L’Atléti va terriblement soufrir pendant les 20 dernières minutes, troublé notamment à droite par appels axiaux de Sanchez et les montées d’Alves. Sans un très grand Courtois, les Colchoneros n’auraient pas tenu. Extrêmement solides en 4-4-2 pendant les trois quarts du match, ils ont finalement craqué juste après être passés dans la configuration la plus défensive (4-1-4-1-). C’est à la fois paradoxale et logique, tant l’équilibre de Simeone est précaire, et tant l’écart de qualité est grand entre ces deux équipes sur le plan individuel. Avec un joueur de plus pour défendre et un joueur de moins pour attaquer, Cholo a perdu son équilibre, rendant quasiment impossible sa transition défense-attaque. Le 4-1-4-1 est une carte risquée pour ces raisons. Si l’Atlético est toujours qualifié à l’heure de jeu mercredi, Simeone devra la sortir au bon moment.

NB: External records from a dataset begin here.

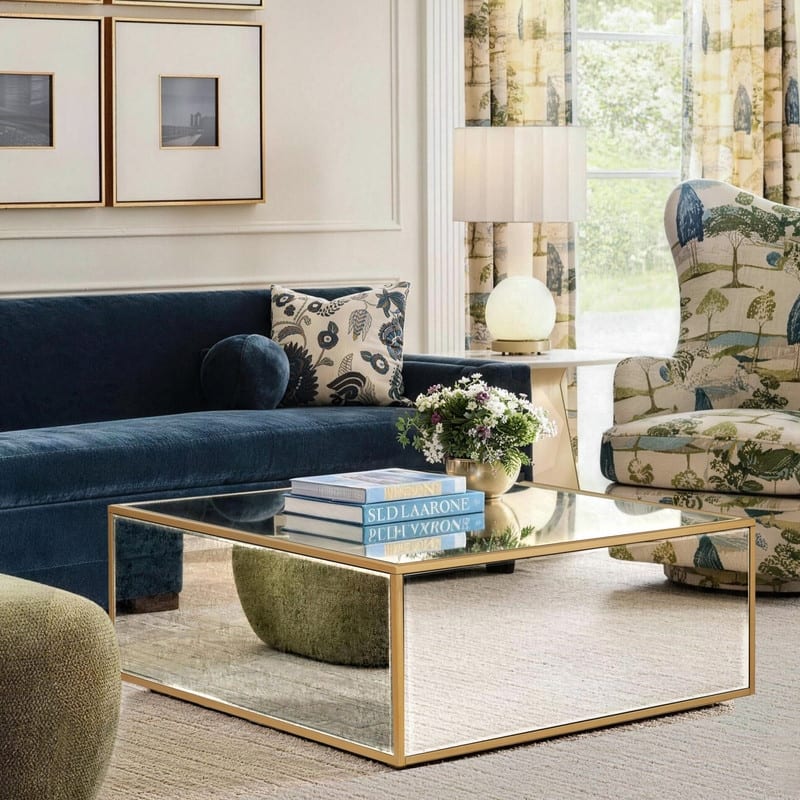 Vintage Mirror Square Coffee Table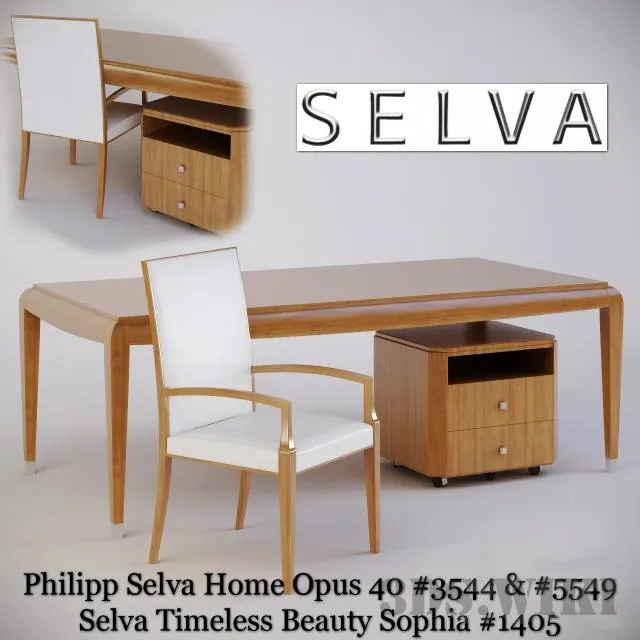 decoration - Philipp Selva Home Opus 40 #3544 & #5549 Selva timeless Beauty Sophia #1405 3D Model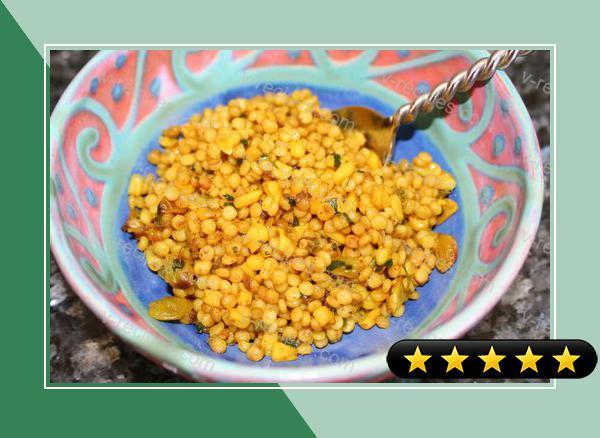 Curried Israeli CousCous recipe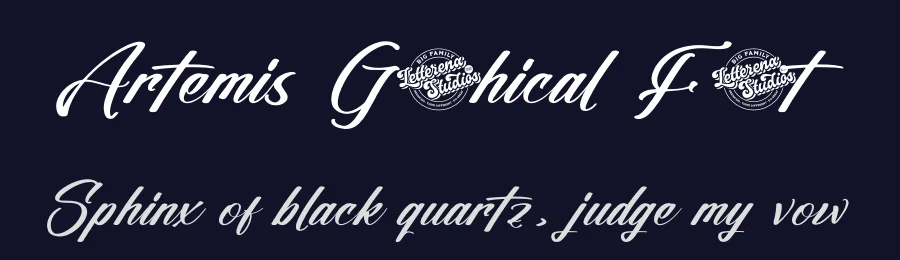 Artemis Gothical Font by letterenastudios — Script Handwritten Font — thumbnail 2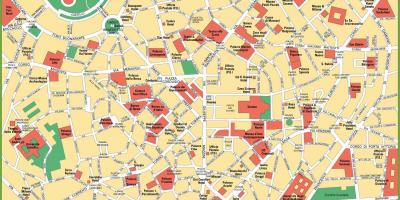 Milano city center χάρτης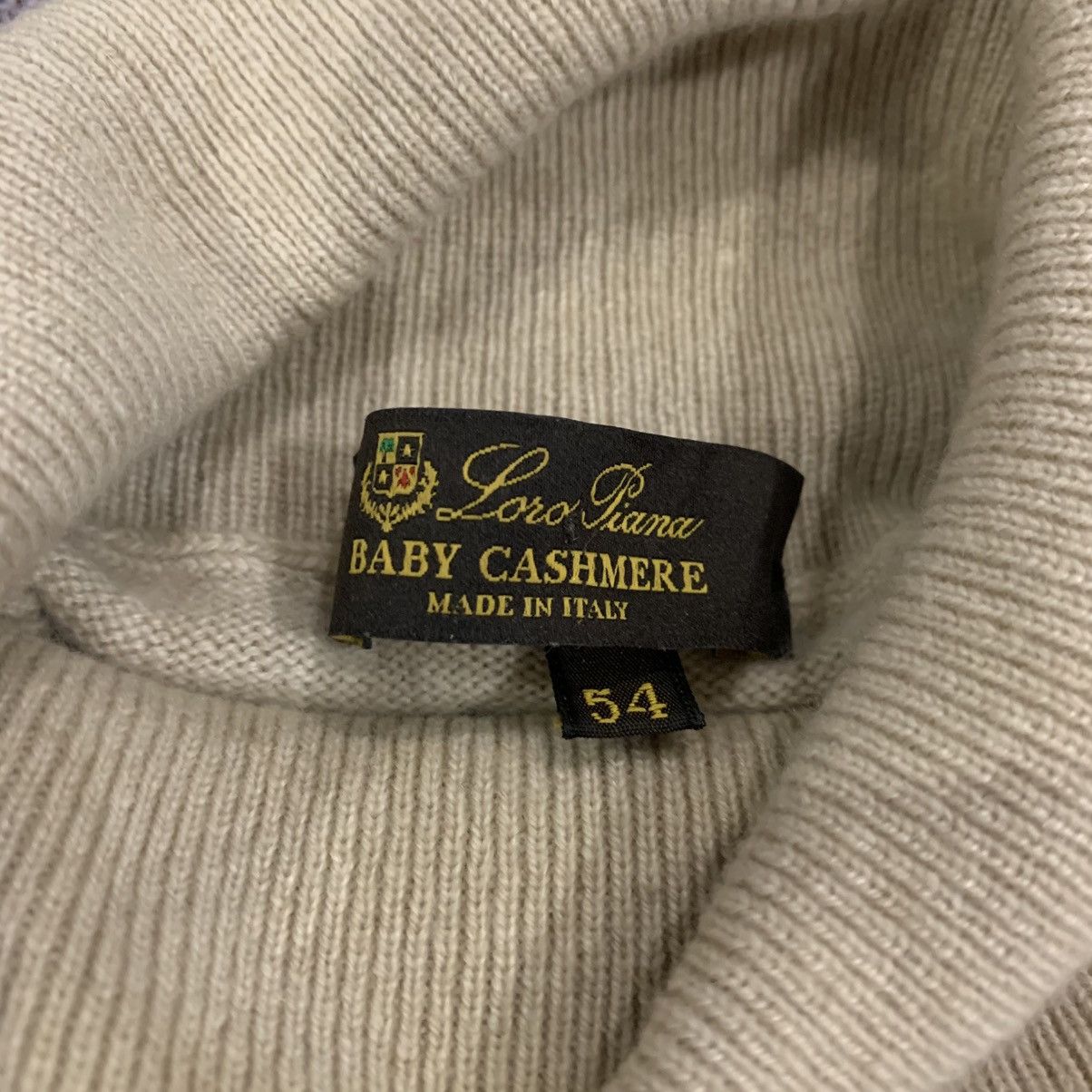Loro Piana Loro Piana Men’s Turtleneck Baby Cashmere Size 54 L-XL Size US XL / EU 56 / 4 - 19 Thumbnail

La présence de Diego Costa au retour n’est pas acquise, mais Raul Garcia sera là. L’opposition radicale de de style et de philosophie, l’énorme enjeu et la perspective de voir le favori en difficulté rendent le match retour très excitant. Il sera intéressant de voir comment Simeone va faire pour conserver ce fameux équilibre défensif.
La règle du but à l’extérieur provoque une situation stressante : la qualification peut changer de camp sur un but. S’arque-bouter à un 0-0 (qui les qualifierait) serait risqué de la part des Matelassiers. Le Barça a les moyens d’égaliser face à eux, mais la réciproque n’est pas forcément vraie.
Face à Simeone, les choix de Martino seront également très intéressants à suivre. On l’a constaté à l’aller : face au « bus » de l’Atlético, l’attaque placée est souvent vaine. Mardi, Tata avait dû sortir Fabregas pour que Neymar puisse occuper un couloir gauche dans lequel il s’est immédiatement montré efficace et décisif. Il a lui même reconnu il y a quelques jours qu’il « sacrifiait » le crack brésilien en le positionnant à droite. Se passer de sa capacité de percussion est un risque que Martino est presque obligé de prendre. À ses risques et périls ?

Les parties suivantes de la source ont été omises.